I have worked for four US presidents, Democrats and Republicans alike, and perhaps the most important thing I have learned along the way is that little of what we call history is inevitable. What happens in this world is the result of what people choose to do and choose not to do when presented with challenges and opportunities.
George H W Bush, the 41st president of the United States, was presented with more than his share of challenges and opportunities, and the record is clear: He left the country and the world considerably better off than he found them.
I worked for and often with Bush for all four years of his presidency. I was the National Security Council member responsible for overseeing the development and execution of policy toward the Middle East, the Persian Gulf, and Afghanistan, India and Pakistan. I was also brought into a good many other policy deliberations.
Bush was kind, decent, fair, open-minded, considerate, lacking in prejudice, modest, principled and loyal. He valued public service and saw himself as simply the latest in the long line of US presidents, another temporary occupant of the Oval Office and custodian of American democracy.
His foreign-policy achievements were many and significant, starting with the ending of the Cold War. To be sure, that it ended when it did had a great deal to do with four decades of concerted Western effort in every region of the world, the defeat of the Soviets in Afghanistan, the deep-seated flaws within the Soviet system, and the words and deeds of Mikhail Gorbachev. But none of this meant that the Cold War was preordained to end quickly or peacefully.
Bush was careful not to gloat or to indulge in the rhetoric of triumphalism. He was widely criticized for this restraint, but he managed not to trigger just the sort of nationalist reaction that we are now seeing in Russia
It did, in part, because Bush was sensitive to Gorbachev’s and later Boris Yeltsin’s predicament and avoided making a difficult situation humiliating. He was careful not to gloat or to indulge in the rhetoric of triumphalism. He was widely criticized for this restraint, but he managed not to trigger just the sort of nationalist reaction that we are now seeing in Russia.
He also got what he wanted. No one should confuse Bush’s caution with timidity. He overcame the reluctance, and at times objections, of many of his European counterparts and fostered Germany’s unification – and brought it about within the North Atlantic Treaty Organization. This was statecraft at its finest.
Bush’s other great foreign-policy achievement was the Gulf War. He viewed Saddam Hussein’s invasion and conquest of Kuwait as a threat not just to the region’s critical oil supplies, but also to the emerging post-Cold War world. Bush feared that if this act of war went unanswered, it would encourage further mayhem.
Days into the crisis, Bush declared that Saddam’s aggression would not stand.
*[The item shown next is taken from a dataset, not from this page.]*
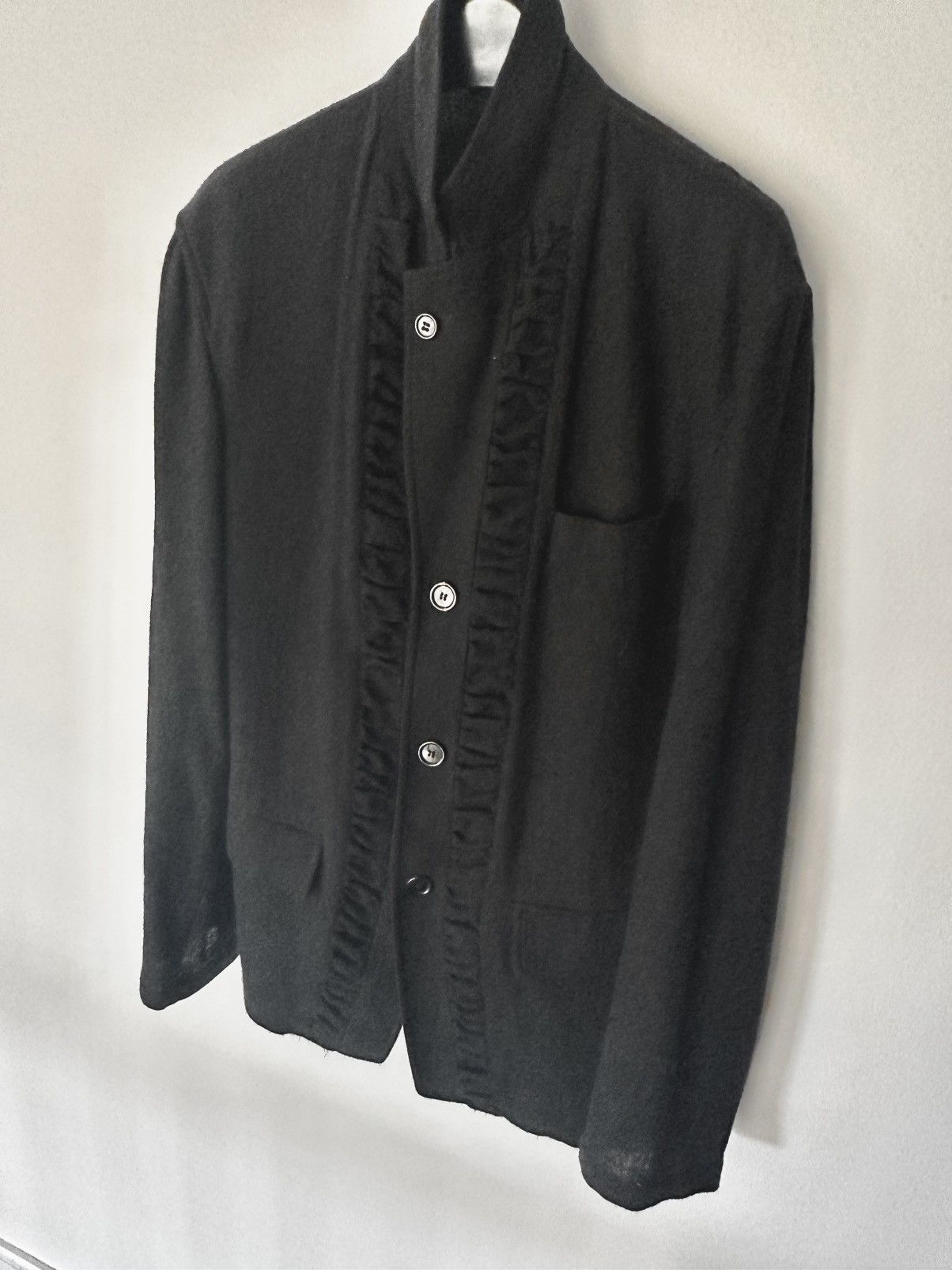 Pre-owned Ann Demeulemeester Frill Blazer In Black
He then marshaled an unprecedented international coalition that backed sanctions and the threat of force, sent a half-million US troops halfway around the world to join hundreds of thousands from other countries, and, when diplomacy failed to bring about a complete and unconditional Iraqi withdrawal, liberated Kuwait in a matter of weeks with remarkably few US and coalition casualties. It was a textbook case of how multilateralism could work.
Two other points are worth noting here. First, the US Congress was reluctant to act on Saddam’s aggression. The vote in the Senate authorizing military action nearly failed. Bush, however, was prepared to order what became Operation Desert Storm even without congressional approval, given that he already had international law and the United Nations Security Council on his side. He was that determined and that principled.
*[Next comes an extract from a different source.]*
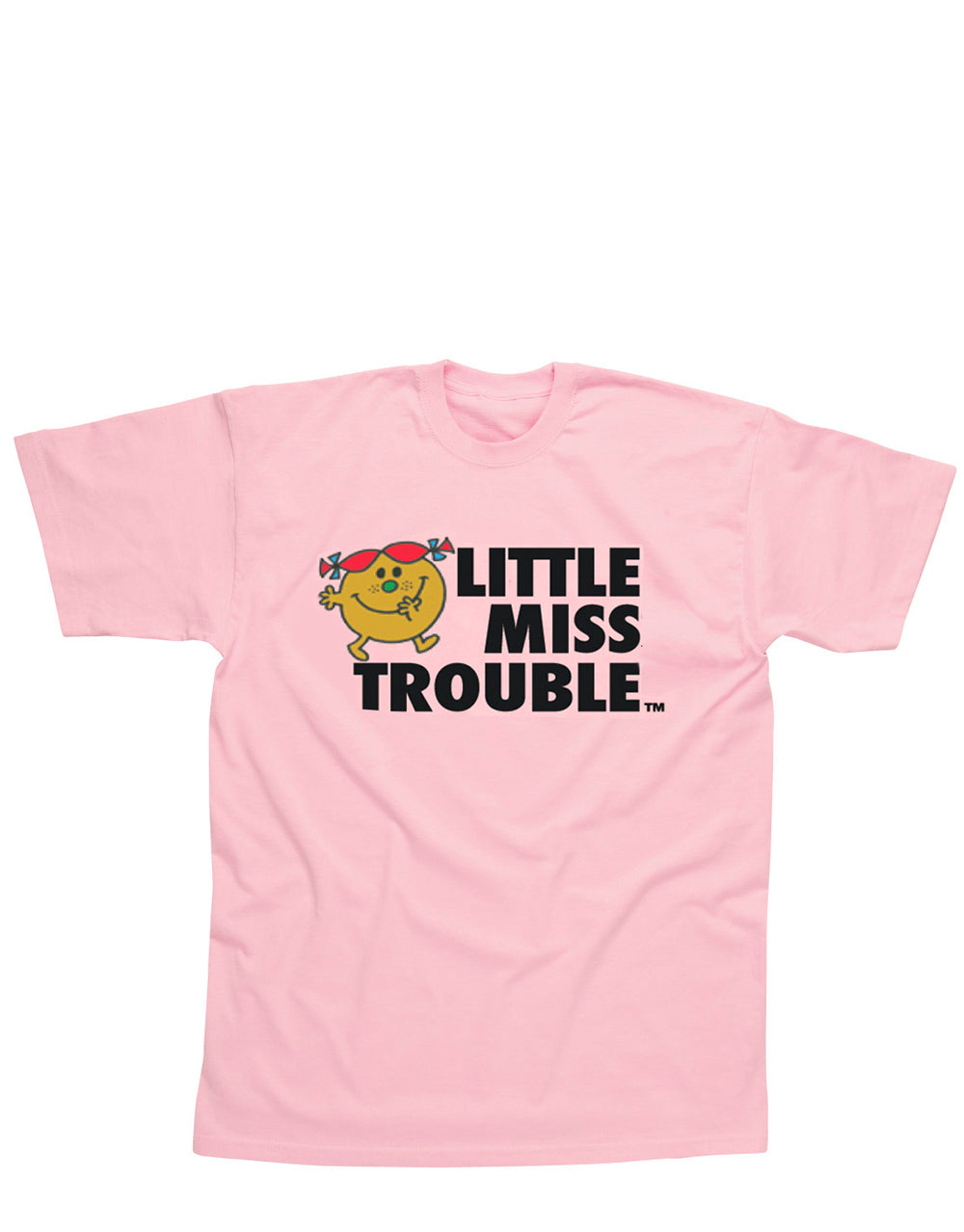 Little Miss Trouble graphic on a pink kids t-shirt.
Second, Bush refused to allow himself to get caught up in events. The mission was to liberate Kuwait, not Iraq. Fully aware of what happened some four decades earlier when the US and UN forces expanded their strategic objective in Korea and tried to unify the peninsula by force, Bush resisted pressures to expand the Gulf War’s aims.
He worried about losing the trust of world leaders he had brought along and the loss of life that would likely result. He also wanted to keep Arab governments on his side to improve prospects for the Middle East peace effort that was to begin in Madrid less than a year later. Again, he was strong enough to stand up to the mood of the moment.
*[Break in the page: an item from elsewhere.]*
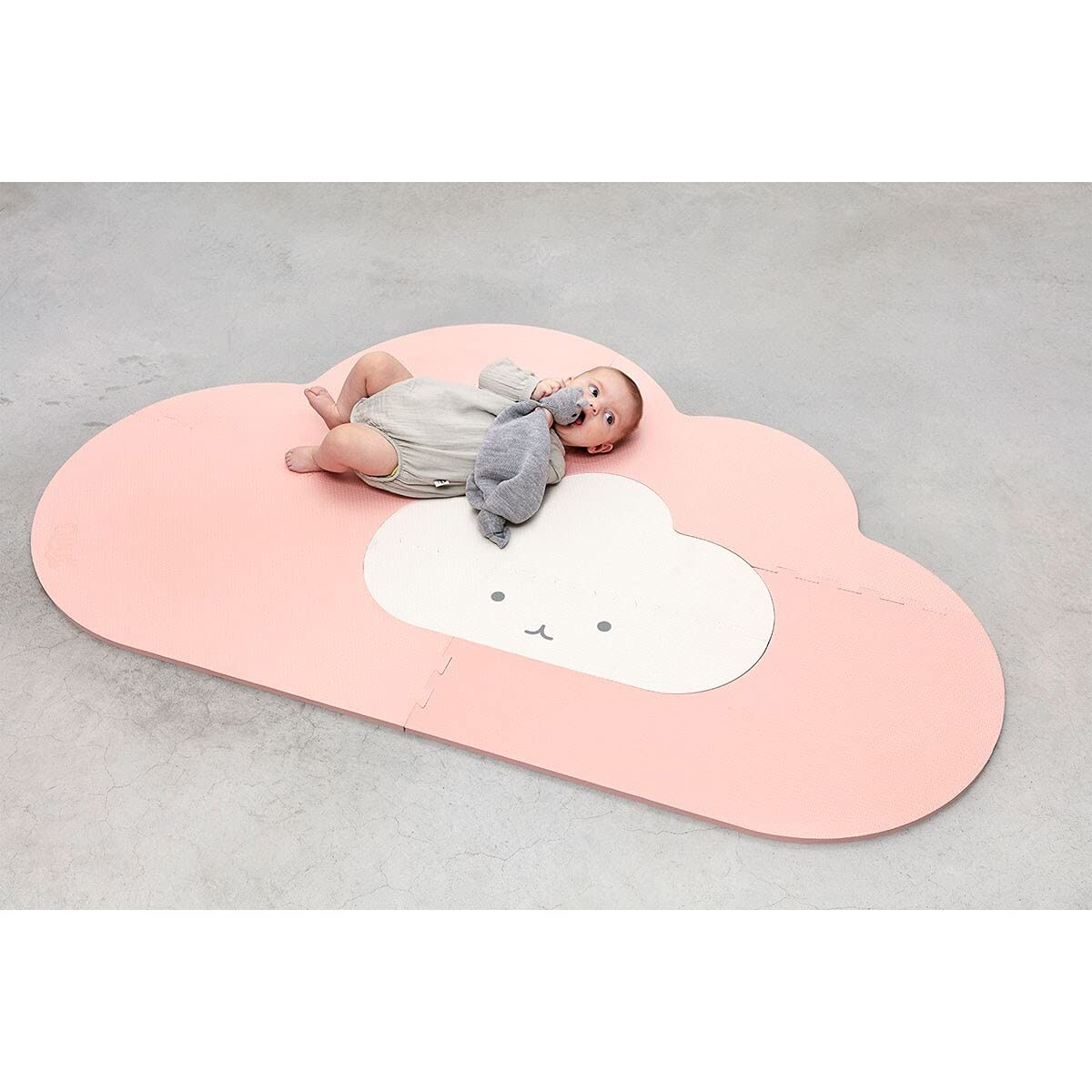 Quut - Alformbra de juegos bebe - Forma Nube - Alfombra Puzzle Infantil para bebés de Foam (EVA), Suelo Extra Acolchado para niños, Color Rosa y beige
None of this is to say that Bush always got it right. The end of the Gulf War was messy, as Saddam managed to hang on to power in Iraq with a brutal crackdown on Kurds in the north and Shiites in the south. A year later, the Bush administration was slow to respond to violence in the Balkans. It might have done more to help Russia in its early post-Soviet days.
Overall, however, the Bush administration’s foreign-policy record compares favorably with that of any other modern US president or, for that matter, any other contemporary world leader.
One last thing. Bush assembled what was arguably the best national-security team the US has ever had. Brent Scowcroft was the gold standard in national security advisers. James Baker was arguably the most successful secretary of state since Henry Kissinger. And with them were Colin Powell, Dick Cheney, Robert Gates, Larry Eagleburger, William Webster, and others of standing and experience.
All of which brings us back to George H W Bush. He chose the people. He set the tone and the expectations. He listened. He insisted on a formal process. And he led.
If, as the saying goes, a fish rots from the head, it also flourishes because of the head. The US flourished as a result of the many contributions of its 41st president. Many people around the world benefited as well.
We owe him our collective thanks. May his well-deserved rest be peaceful.